Yaz ayları yine kendisini iyiden iyiye hissettiriyor. Sıcaklıklar mevsim normallerinin üzerinde seyrediyor, barajlarımız alarm veriyor. İzmir’de planlı su kesintileri de başladı. Su sıkıntısı artık göz ardı edilebilecek bir konu değil. Ama etrafıma baktığımda insanların hâlâ hiç farkında olmadan hesapsızca su harcadığını görüyorum.
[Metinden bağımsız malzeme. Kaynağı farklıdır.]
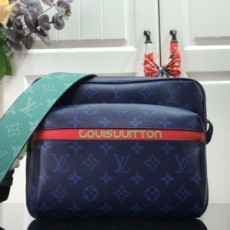 루이비통 LOUIS VUITTON 2020 SS 모노그램 네이비 메신저백 M43843 커스텀급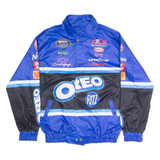 Racing Nascar Mens Jacket Blue USA L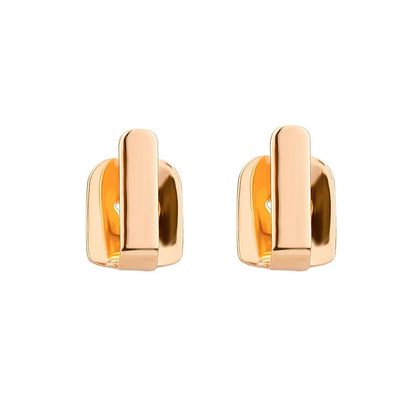 Gold Tooth Cap 10 PCS Hip Hop Vertical Bar Teeth Punk 14K Gold Plated Single Tooth Caps For Teeth Mouth(Rose Gold)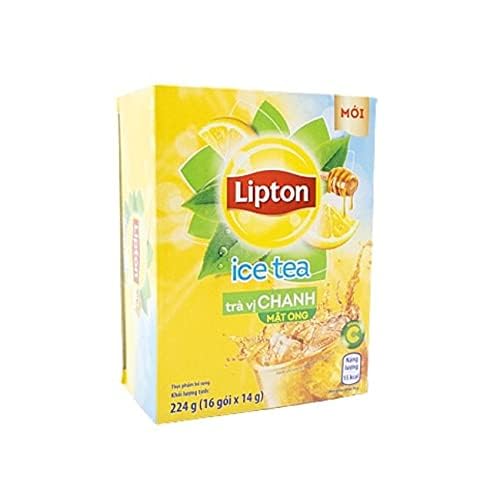 Lipton Ice Tea Lemon & Honey Flavour Tea Box 14g x16 Bags Iced Tea Bags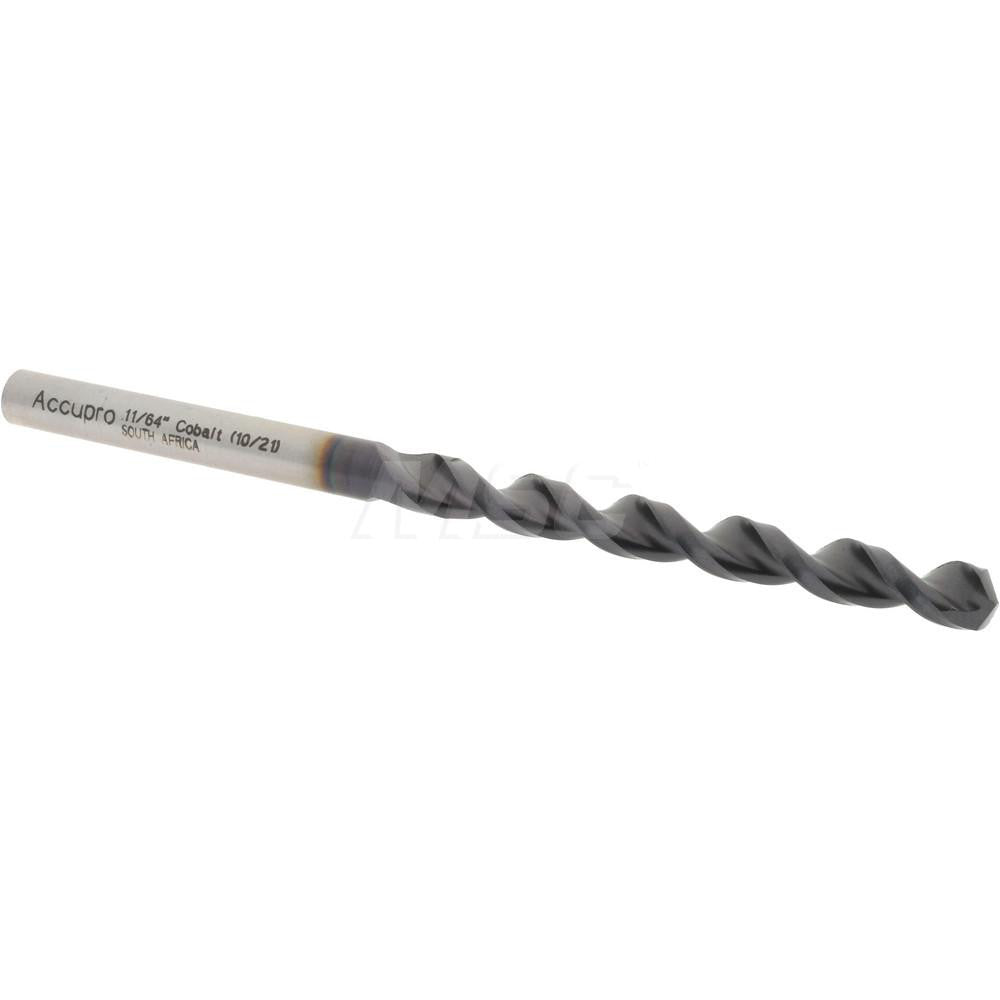 Accupro 1640437A-AC Jobber Length Drill Bit 11/64" Dia, 130 &deg, Cobalt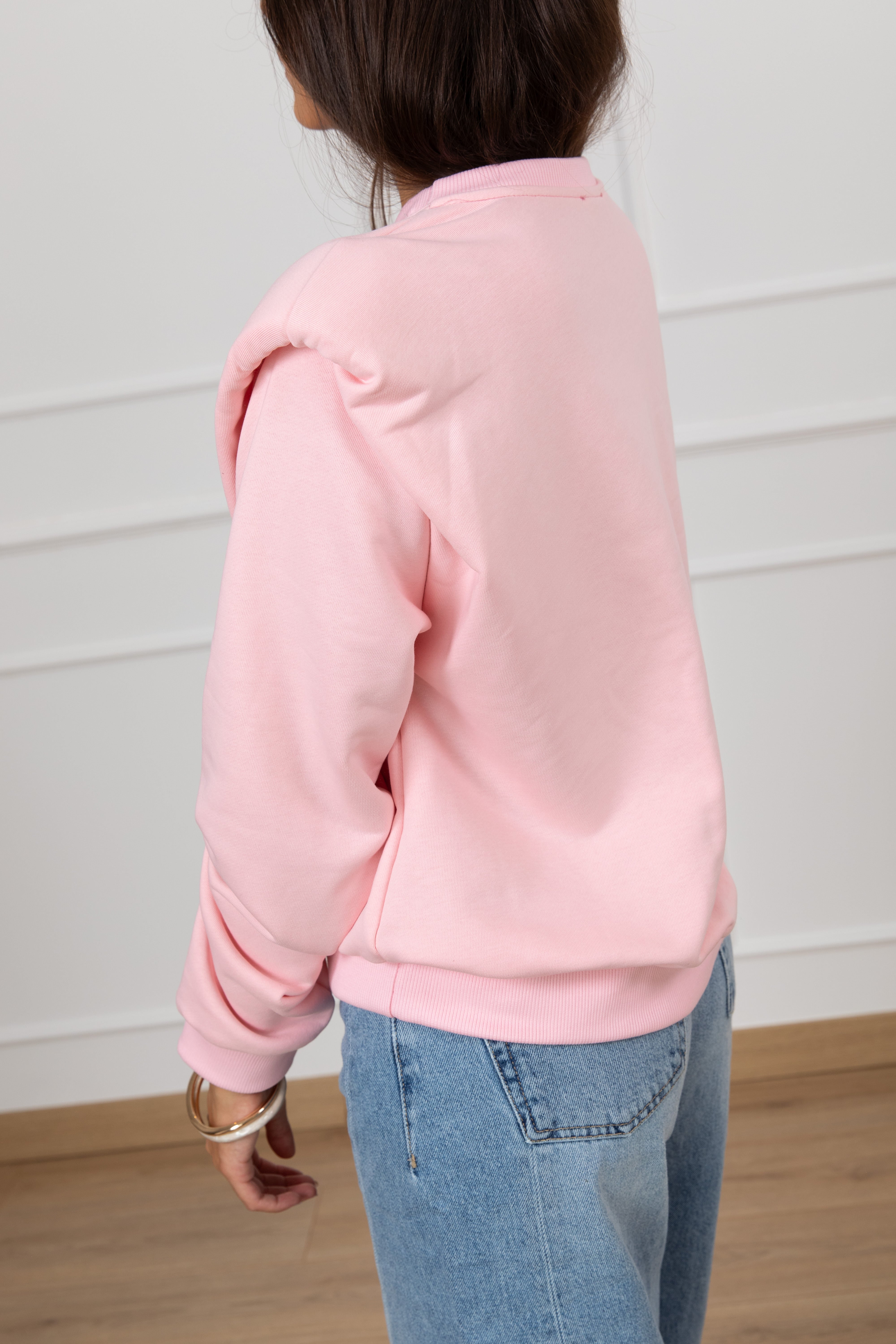 Felpa con spallina imbottita e aletta Dixie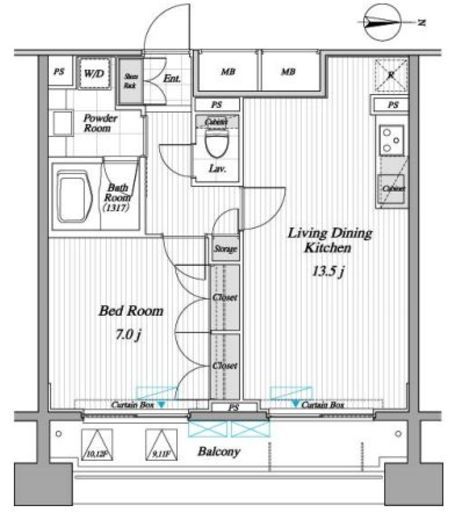 レジディア錦糸町2　905号室　間取り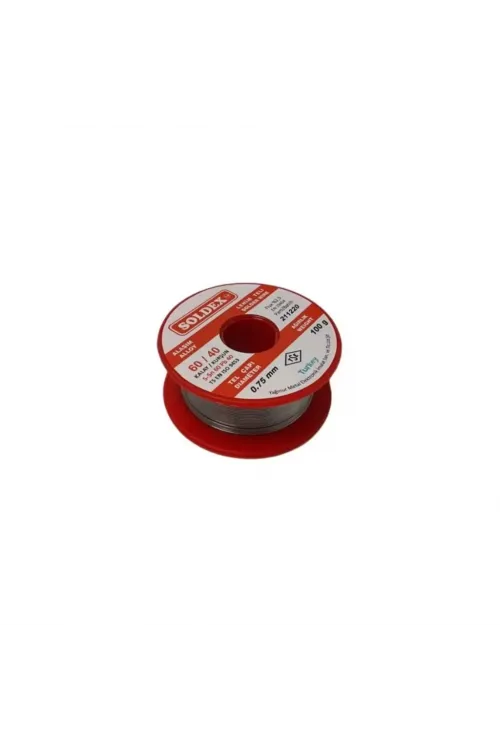 60/40 Lehim Teli 100 gr 0,75 mm (Sn:60 / Pb:40)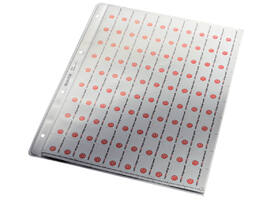 Showtas Leitz Premium copy safe 0.13mm 4-gaats PP A4 transparant 100 stuks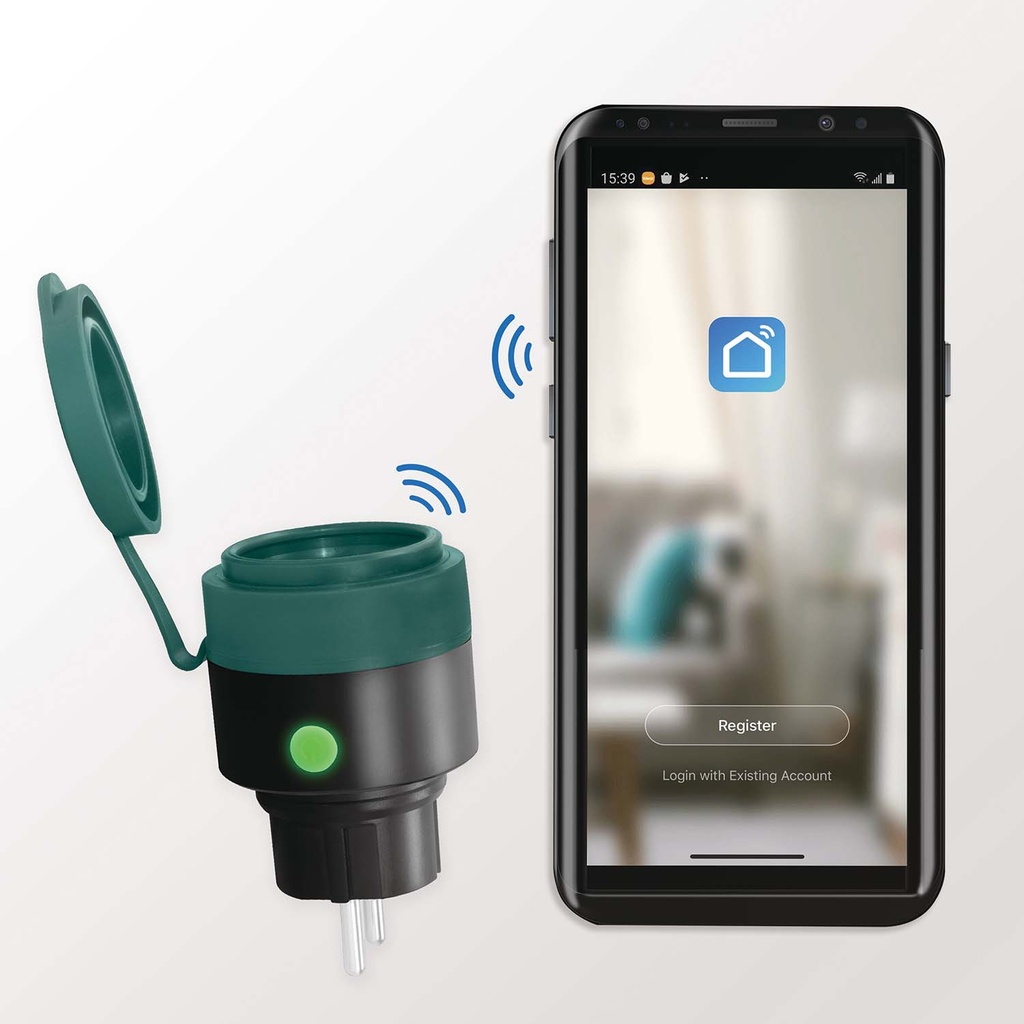 WiFi Smart plug Utomhus IP44 Tuya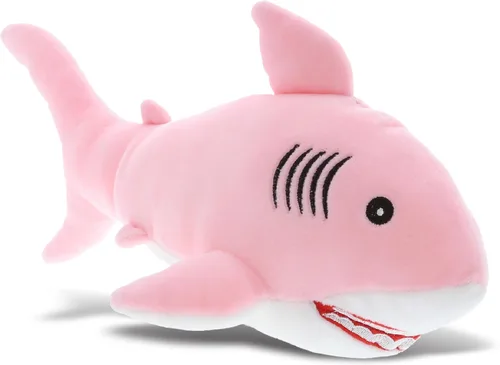 DolliBu Peluche suave de tiburón rosa para bebé, peluche de tiburón de peluche para niños y niñas, juguetes de animales marinos y regalos de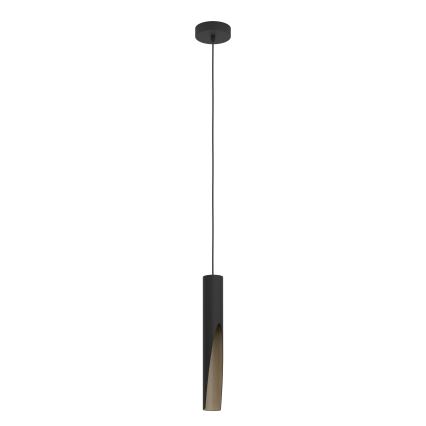 Eglo - LED Пендел 1xGU10/4,5W/230V 3000K черен/кафяв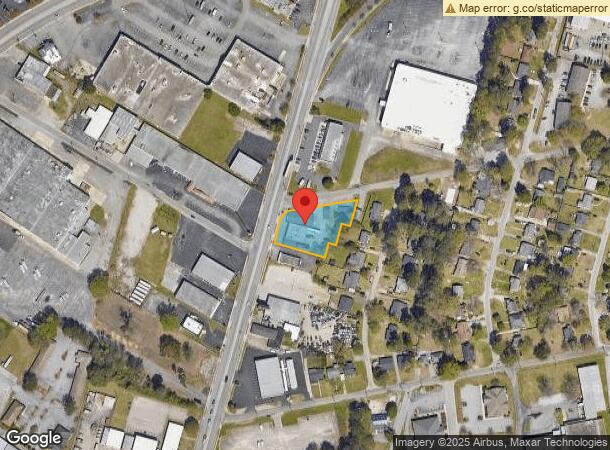  158 S Cashua Dr, Florence, SC Parcel Map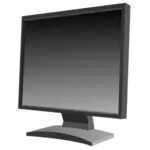 Image de vecteur noir écran plat LCD moniteur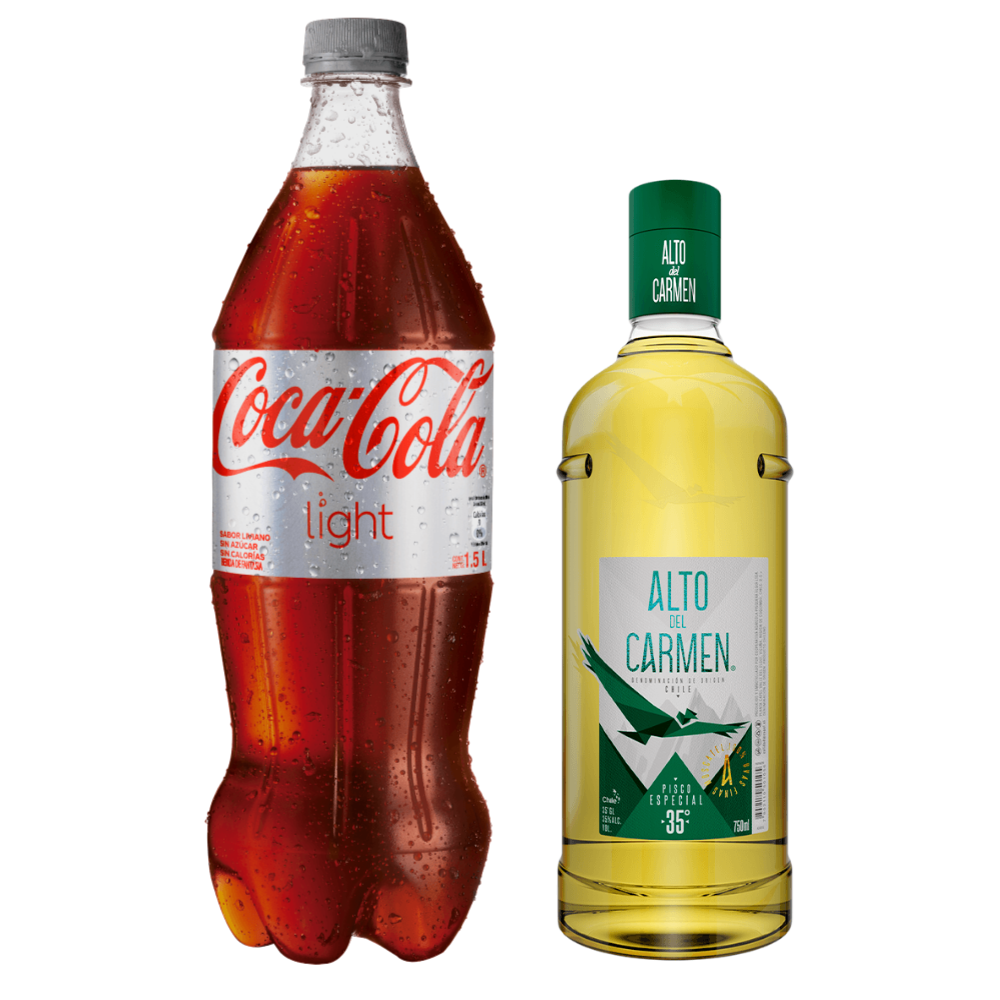 Pack Piscola Alto del Carmen 750cc + Coca Cola Variedades 1.5L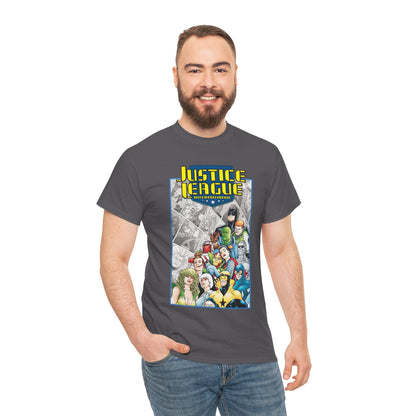 Justice League International T-Shirt - Kevin Maguire Art - DC Comics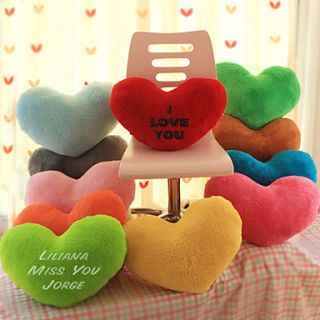 Personalized Heart Shaped Arm Pillow (More Colors)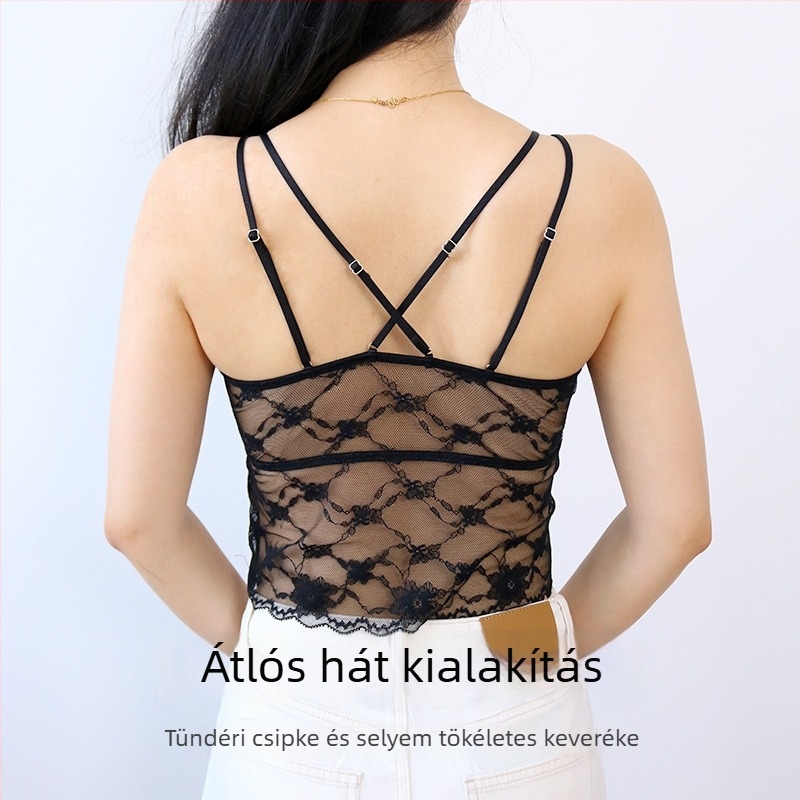 Selyemsatén melltartó kereszt hátsó pántokkal, 100% mulberi selyem, vékony latex kosárkák, rögzített dupla vállpántok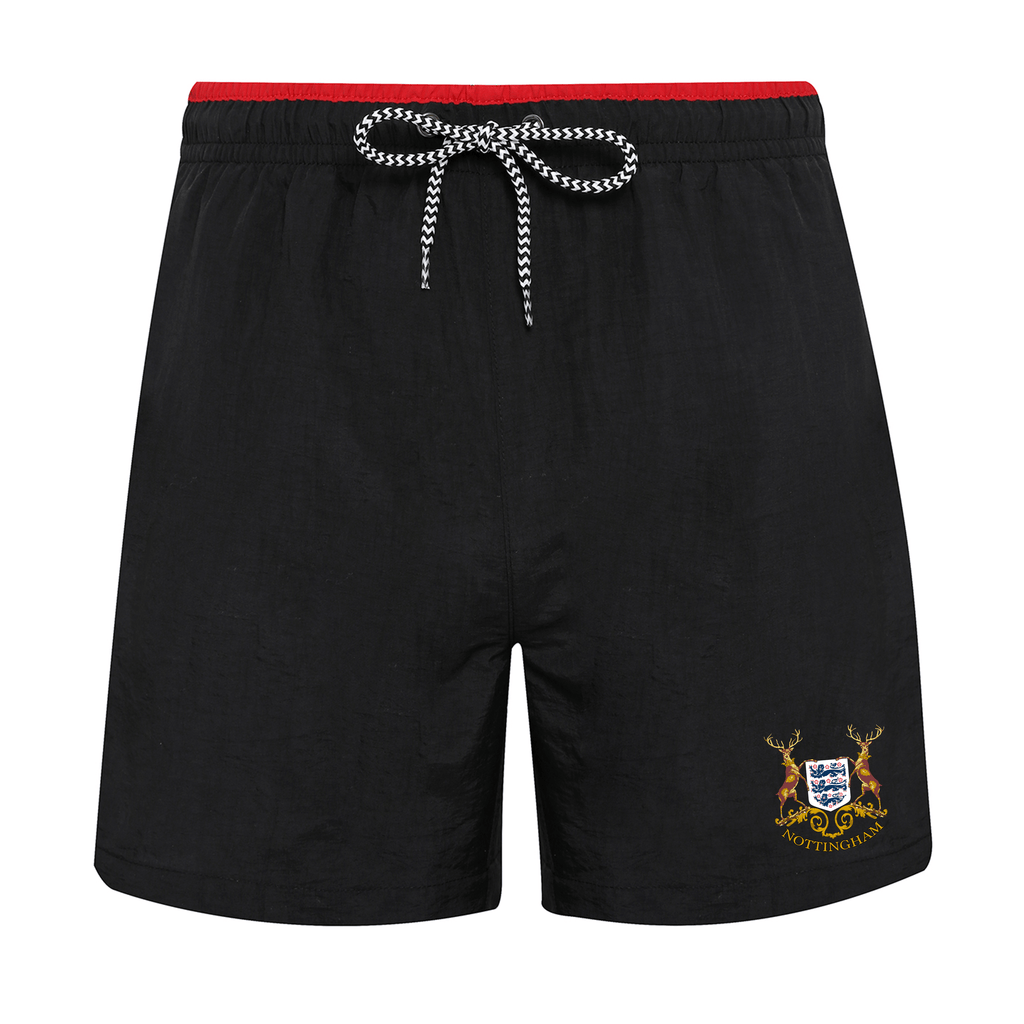 Men's Swim Shorts - Old Skool X England by Nottingham Reds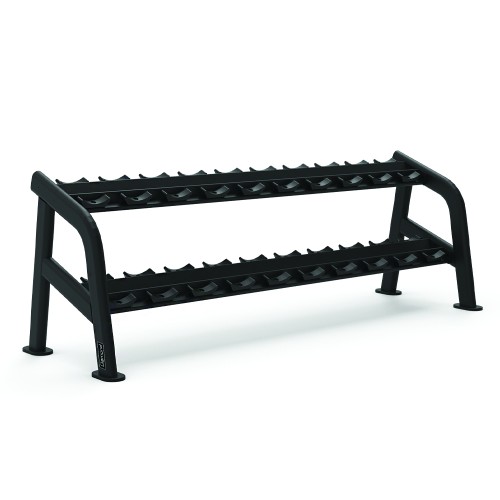 Weights Rack and Dumbbells - Round Dumbbell Rack 10 Pairs 242.2x66x94cm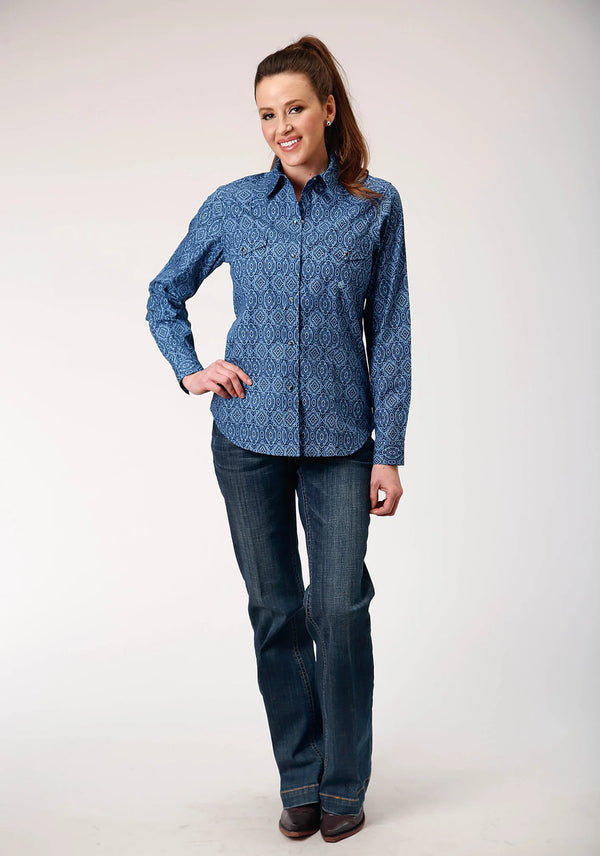 Womens Paisley Shirt by Roper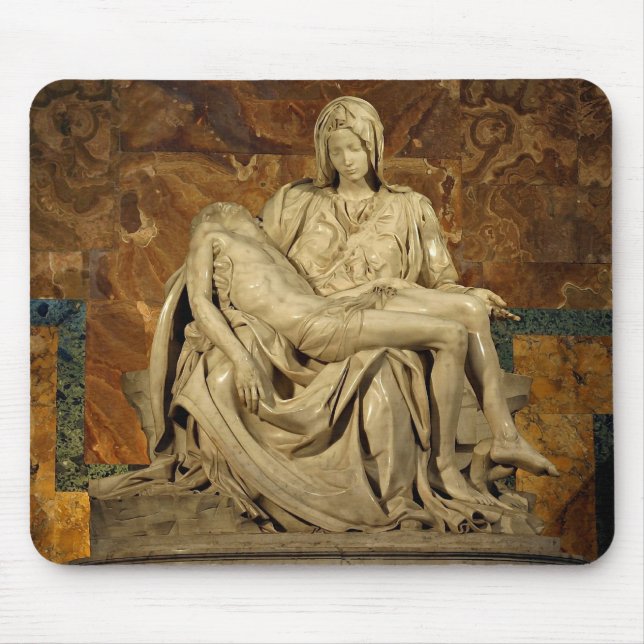 Mousepad O Pieta de Michelangelo na basílica de St Peter (Frente)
Hortumla araba yıkayanlar, saatlerce açık bırakılan musluklar, öğle sıcağında çalışan otomatik bahçe sulamaları… Sanki su sınırsız bir kaynakmış gibi davranıyoruz.
Halbuki, gerçek çok farklı. Uzmanlar yıllardır uyarıyor: Türkiye hızla kuraklaşıyor. Özellikle Ege ve Akdeniz bölgeleri, iklim değişikliğinin etkisiyle her yıl daha az yağış alıyor. Gelecek yıllarda suya erişimin daha da zor olacağı artık bir tahmin değil, bilimsel bir gerçek. Fakat biz hâlâ bu gerçekle yüzleşmemekte direniyoruz.

Türkiye su stresi altında

Verilere göre Türkiye’de kişi başına düşen yıllık su miktarı 1.000–1.700 metreküp arasında. Bu rakam, ülkemizi “su stresi altındaki ülkeler” kategorisine sokuyor. 1.000 metreküp altı “su fakiri” sayılırken, Türkiye bu sınıra oldukça yakın. İzmir gibi yaz aylarında nüfusu artan, turizm ve tarım açısından yüksek su talebi olan şehirlerde bu stres çok daha belirgin hâle geliyor.
Üstelik bu, sadece bugünün sorunu değil. 2040 yılına gelindiğinde Türkiye’nin ciddi su kıtlığı yaşayacak ülkeler arasında yer alacağı öngörülüyor. Barajların doluluk oranı her yıl biraz daha düşerken, yeraltı sularımız da hızla tükeniyor.
Avrupa’daki pek çok ülke yıllar önce önlemini aldı. Deniz suyunu arıtarak içme suyuna dönüştürüyorlar. Yağmur suyunun toplanıp tekrar kullanılması, gri su sistemlerinin binalara entegre edilmesi gibi yenilikçi yöntemler artık standart hâline geldi.
Türkiye’de ise hâlâ barajların dolmasını bekliyor, bir yandan da suyu bilinçsizce tüketmeye devam ediyoruz. Su, yönetilmesi gereken stratejik bir kaynaktır. Yalnızca yağışa güvenmek, bugünün iklim koşullarında artık geçerli bir çözüm değil.

Vatandaşın rolü büyük

Elbette bu konuda devletin yatırım yapması, alt yapı projelerini hayata geçirmesi ve uzun vadeli politikalar belirlemesi şart. Ancak bireysel olarak biz vatandaşlara da büyük sorumluluk düşüyor. Su tasarrufu yapmak aslında zor değil, sadece farkındalık gerekiyor.
Diş fırçalarken musluğu kapatmak, bulaşıkları elde değil, makinede yıkamak, çamaşır ve bulaşık makinelerini tam dolmadan çalıştırmamak, bahçe sulamasını sabah erken saatlerde ya da akşam geç saatlerde yapmak gibi basit ama etkili adımlar atabiliriz.
Ayrıca yağmur suyu toplama sistemleri, düşük debili musluk ve duş başlıkları gibi teknolojik çözümleri evlerimizde kullanarak da ciddi tasarruf sağlayabiliriz. Unutmayalım: Küçük adımlar, milyonlarca kişi tarafından atıldığında büyük etkiler yaratır.

Geleceğe su kalmazsa…

Su, sadece bugünün değil; çocuklarımızın, torunlarımızın da yaşam hakkıdır. Şu an rahatça kullandığımız her damla su, belki de gelecekte hayati öneme sahip olacak.
Tarımda üretim düşecek, enerji üretimi zorlaşacak, hastalıklar artacak… Eğer bugün önlem almazsak, yarın çok daha ağır bedeller ödeyebiliriz. Ve en kötüsü, bugün önlem alabilecekken bunu yapmamanın pişmanlığı olacaktır.
İklim krizinin tam ortasındayız ve su kaynaklarımız sınırlı. Bu gerçeği inkâr etmek, sorunu daha da büyütmekten başka bir işe yaramaz. Su, elimizin altındayken değerini bilelim. Bugün gösterdiğimiz bilinç, yarının susuzluğunu önleyebilir.